Vado Ligure. Dal circolo del Pd di Vado arriva la conferma di una linea comune con la segreteria provinciale sulla questione spinosa dell’ampliamento della centrale termoelettrica. Così Roberto Costagli, responsabile del circolo cittadino: “Rivendichiamo il grande lavoro svolto dal Partito Democratico per arrivare al risultato sin qui raggiunto. Siamo partiti da posizioni molto lontane, con momenti difficili: con il circolo di Quiliano abbiamo portato in primo piano le nostre posizioni ed abbiamo avuto il nostro spazio di discussione in Regione. Il presidente Burlando e gli assessori sono stati interessati alle opinioni del territorio”.
“Riteniamo – prosegue Costagli – che la delibera regionale contemperi le ragioni ambientali e di salvaguardia del territorio con i temi dello sviluppo e la creazione di posti di lavoro, ma anche l’esigenza del nostro paese sull’energia elettrica. Ora si tratta di capire se lo spiraglio, per ottenere maggiori garanzie rivendicate dai territori, sia praticabile. Come nella migliore tradizione del centrosinistra e di Vado, saremo protagonisti in modo determinanti in queste vicende, per avere il riconoscimento di tutele e ricompense. La Regione si proporrà ancora come interlocutore per rivedere alcuni aspetti”.

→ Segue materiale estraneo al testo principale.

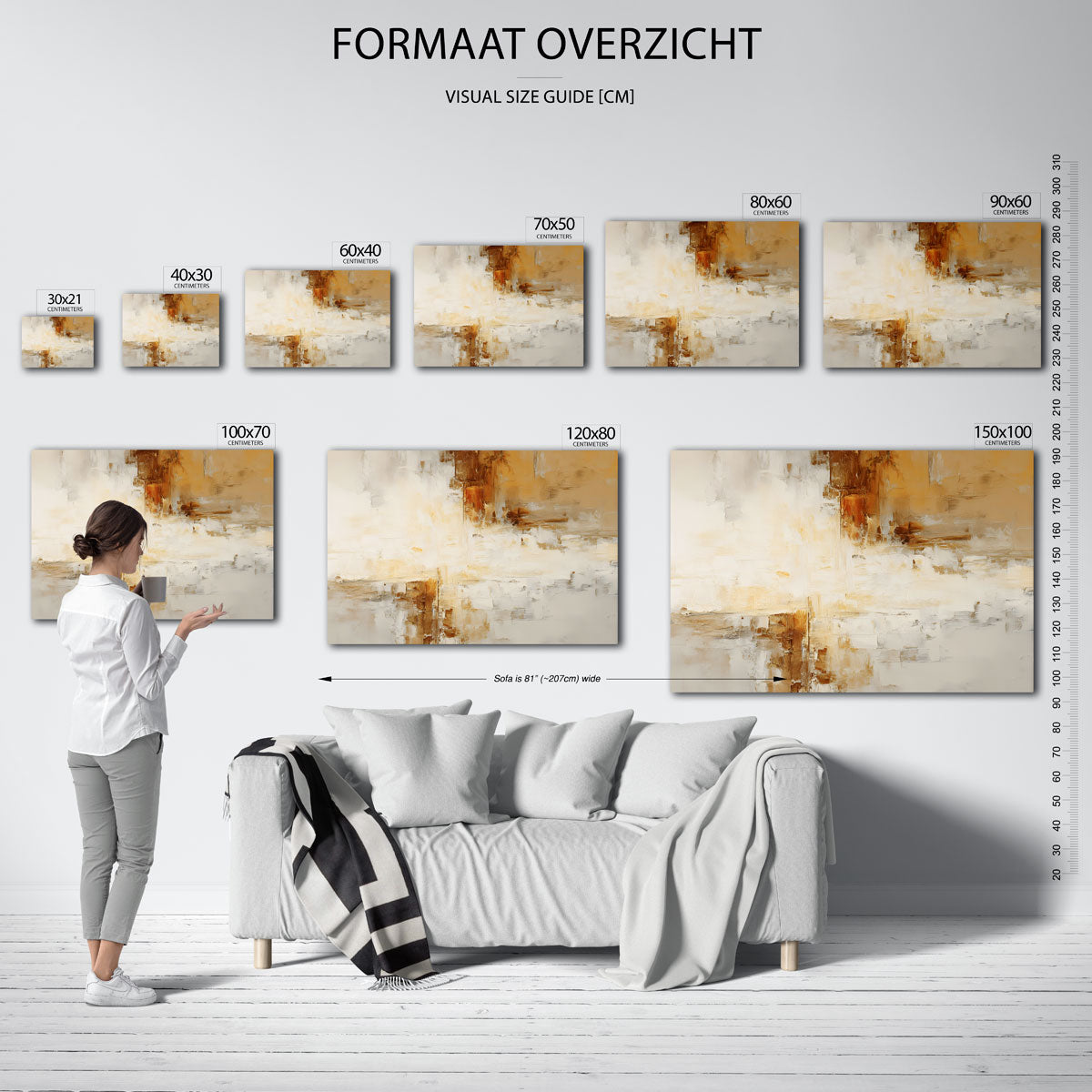 Abstracte beige en bruine Poster
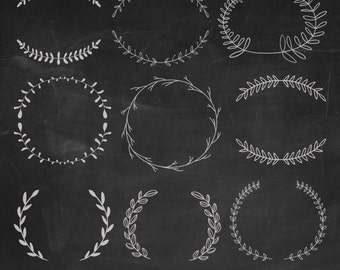 Handgezeichnete Lorbeeren Clipart: Kreidetafel Kränze (Digitaler Download)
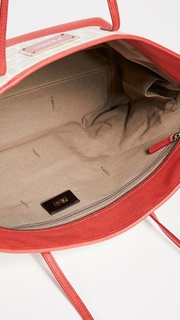 What Goes Around Comes Around Fendi Red Zucca Roll Tote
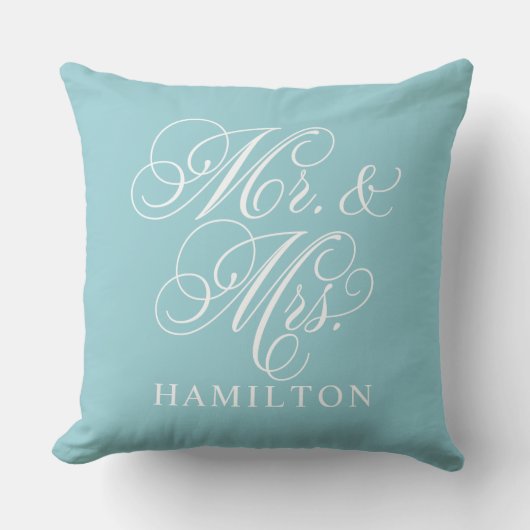 Elegant Aqua Mr en Mrs Script Aangepast Monogram Kussen (Voorkant)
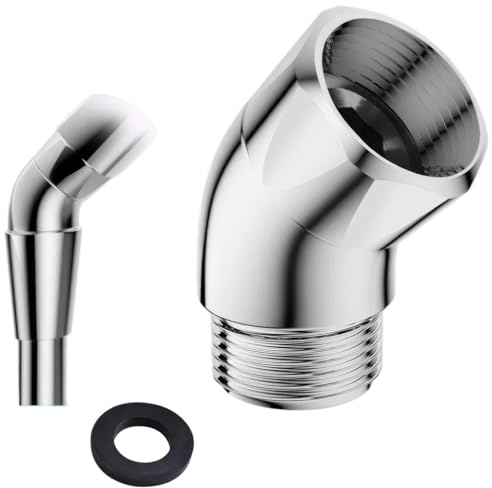 Amazleer Duschkopf- Ellenbogenadapter für Wandmontage in Dusche oder Handbrause (Chrom/Silber 135°, OneSize)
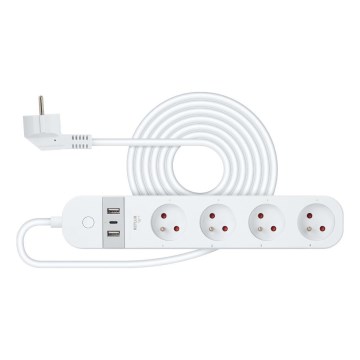 Интелигентен разширение кабел с превключвател 4Z Тип E + 2x USB-A + 1x USB-C 1,5m Wi-Fi Tuya бял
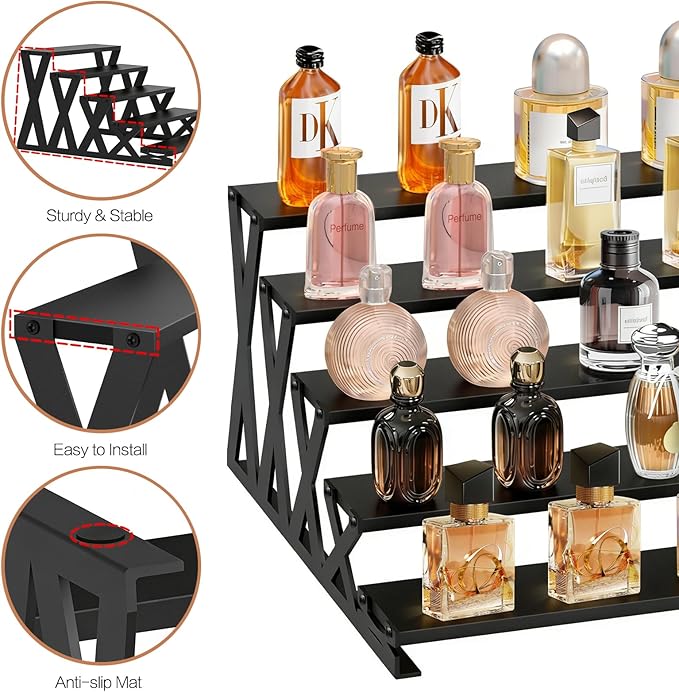 KALYLOC 5 Tier Wooden Display Riser Stand 13.8 Inch Metal Step Perfume Stand Organizer Tabletop Tiered Display Shelf Rack for Cologne Cupcake Spice Figures Cosmetics Candles (Black, X-Shape)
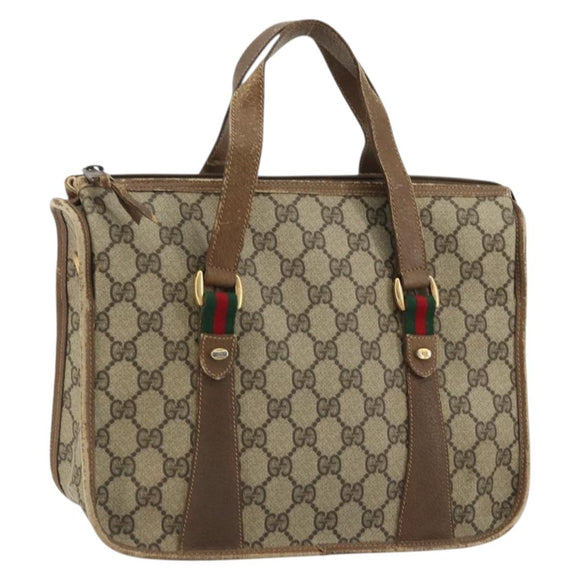 GUCCI GG Supreme Web Sherry Line Hand Bag PVC Beige Gold 41 02 039 Auth YKZ1091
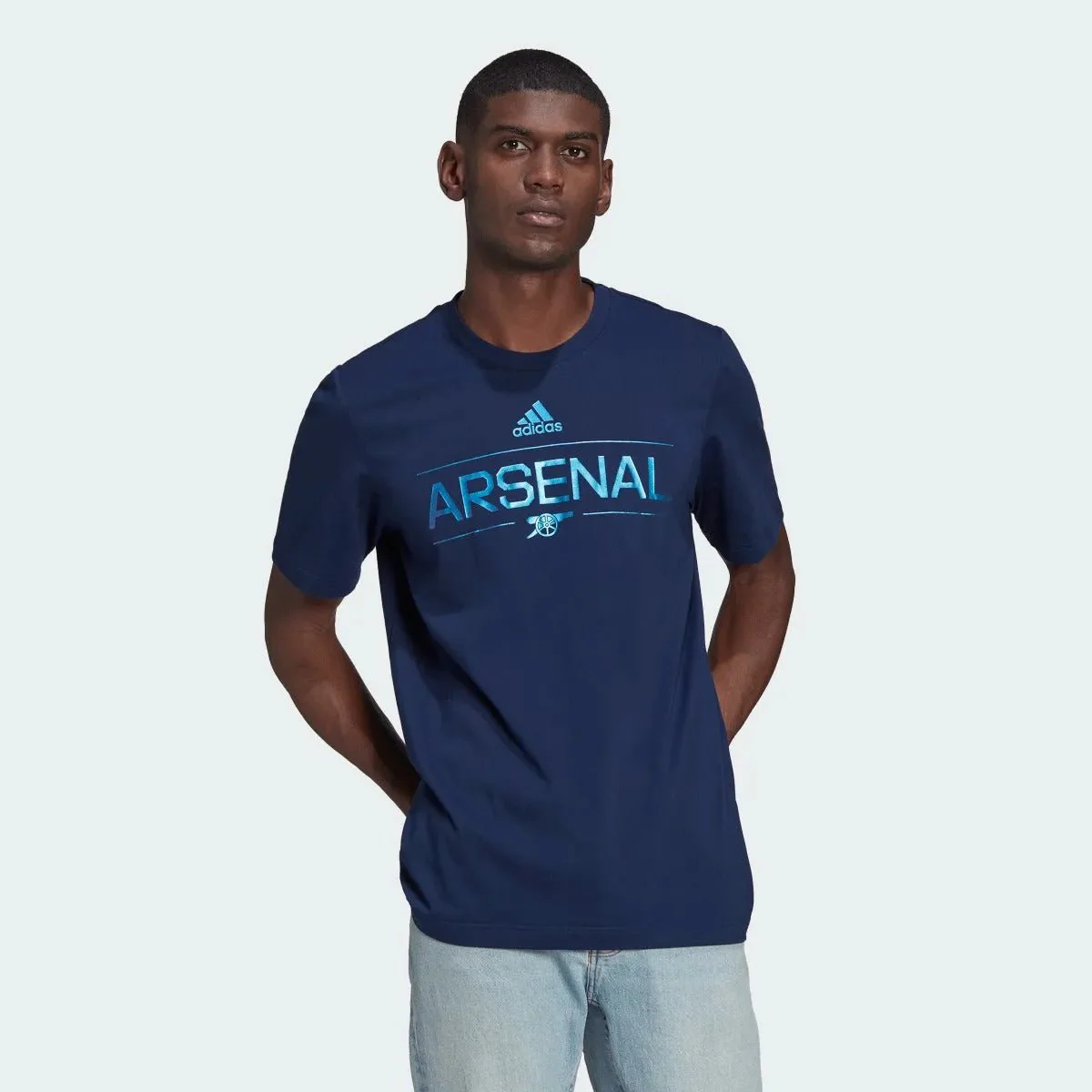 adidas 2022-23 Arsenal Graphic Tee - Navy Blue - Image 2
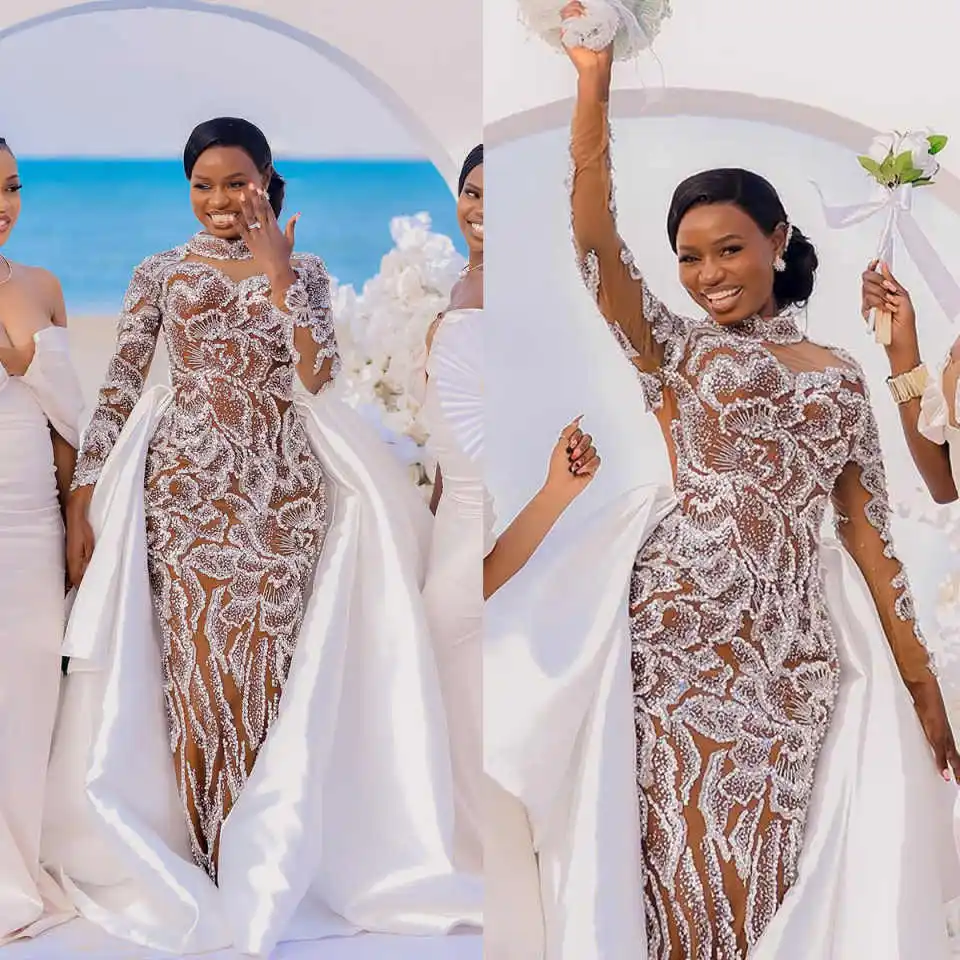 

Великолепное свадебное платье русалки с 3D аппликациями и бусинами, свадебные платья по индивидуальному заказу с атласным шлейфом Robe De Mariee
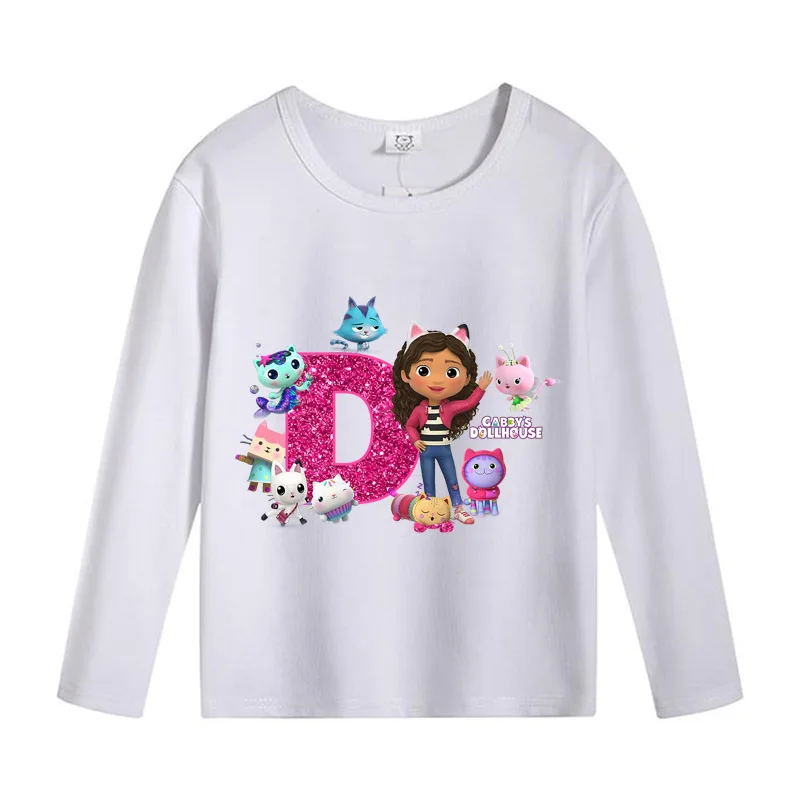 Gabby Poppenhuis Lange Mouwen T-shirts Anime Cartoon Print Brief Tee Herfst Dunne Tops Kinderkleding Hemd Kinderen Kerstcadeau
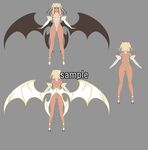  1girl aoi_nagisa_(artist) ass bare_legs bare_shoulders blonde_hair blue_eyes blush breasts character_sheet curvy dark_skin fake_wings female full_body futaba_lili_ramses legs leotard lilith-soft long_hair looking_at_viewer magical_girl partially_visible_vulva small_breasts smile solo taimanin_(series) tentacle_and_witches thong_leotard twintails wide_hips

Il segretario provinciale Di Tullio e il governatore Burlando hanno espresso “amarezza” per l’assenza dei sindaci Ferrando e Caviglia al tavolo delle trattative, auspicando un maggiore coinvolgimento d’ora in poi, anche se i termini dell’accordo sulla ristrutturazione dell’impianto e la convenzione per le compensazioni sono ormai inquadrati. Dello stesso avviso Costagli, che però sottolinea: “Inutile le polemiche interne, perché il Pd è unito e forte e così evita che i territorio paghino i costi delle non scelte. Non bisogna certo chiudersi in un angolo. Il Pd provinciale è stato coerente con il percorso, pur difficile, che però ha portato passi in avanti”.